I do not like being jealous, but looking at the systems our chromatographers have at their fingertips to control, program, monitor and analyse their experiments from a central Chromatography Data System makes me wish the spectroscopy community would catch up! The chromatographers are very fortunate in that their main vendors have a good offering of Chromatography Data Systems (CDS) which can run instruments from pretty much all of the various main chromatography instruments on the market. Why are we spectroscopists so poorly served?

Typical CDS

Depending on the size of your organisation, a central CDS can serve multiple laboratories in multiple locations, spread across different buildings, sites and even countries. In fact, it is possible to deploy these systems in a secure robust disaster recovery configuration which allows a fallback position of running the CDS from another continent. Essentially the only limiting factor is the availability of the network backbone infrastructure.

The enormous flexibility has been made possible by the exchange of instrument control specifications and tools between what would otherwise be competing vendors in the same instrument functionality space. This means that analysts are free to select the analytical system which they feel delivers the best performance for their particular area of work whilst selecting the control software which they feel best fits into their overall data analysis and reporting world. They have no need to compromise by being forced to buy a CDS from the same manufacturer as their instrument hardware.

The vendors must be applauded for having the strength to continue these collaborations, as you can well understand the pressure from the commercial side to try and gain a business advantage by not continuing this information exchange. In such deployments there must be serious discussion with the users, management, compliance and IT support community if the addition of a Scientific Data Management System (SDMS) is actually to bring benefits. For laboratories working within a regulatory compliance framework, modern centralised CDS systems will normally be compliance-ready on installation and can operate alone (Figure 1). There may well be benefits arising in the area of long-term compliant archiving depending on the stability and granularity of the organisation. Where corporate policy may be able to dictate a centralised document archiving system across an organisation, this is significantly more difficult in the area of scientific data handling.

TD-28-2-Figures-1

Figure 1. Potential modern CDS Deployment—now available with integrated mass spectrometry instrument control, data acquisition and analysis.

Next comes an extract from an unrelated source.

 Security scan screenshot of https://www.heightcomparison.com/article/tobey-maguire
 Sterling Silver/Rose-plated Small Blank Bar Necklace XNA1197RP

These systems have also made it possible for easy remote monitoring of the ongoing work which I have seen enhance the work–life balance amongst colleagues.

Adding spectroscopy

Recently, there have been updates to CDS systems which have started to include support for hyphenated instrumentation. Currently the instrumentation support has been limited to a selection of the instruments within the particular CDS vendor’s own range of spectrometers. This integration has included complex mass spectrometry instrumentation control and data analysis with reference spectroscopic database integration. As a first step this is greatly to be welcomed—and we can only hope that the collaboration between vendors in exchanging instrument control information will extend in future to the spectroscopic detectors as well.

Unfortunately, we may well run into the old ideological battle which is always fun to watch between those who identify themselves as chromatographers—who see hyphenated systems such as an UPLC-MS/MS as just a top of the range chromatography system with an overly expensive detector; and spectroscopists who would just see the front end as a programmable sample preparation robot enhancement to the inlet of the spectrometer. I always try to promote the thought that they are all actually just analysts and they should be optimising all areas of their instrumentation to achieve the best results.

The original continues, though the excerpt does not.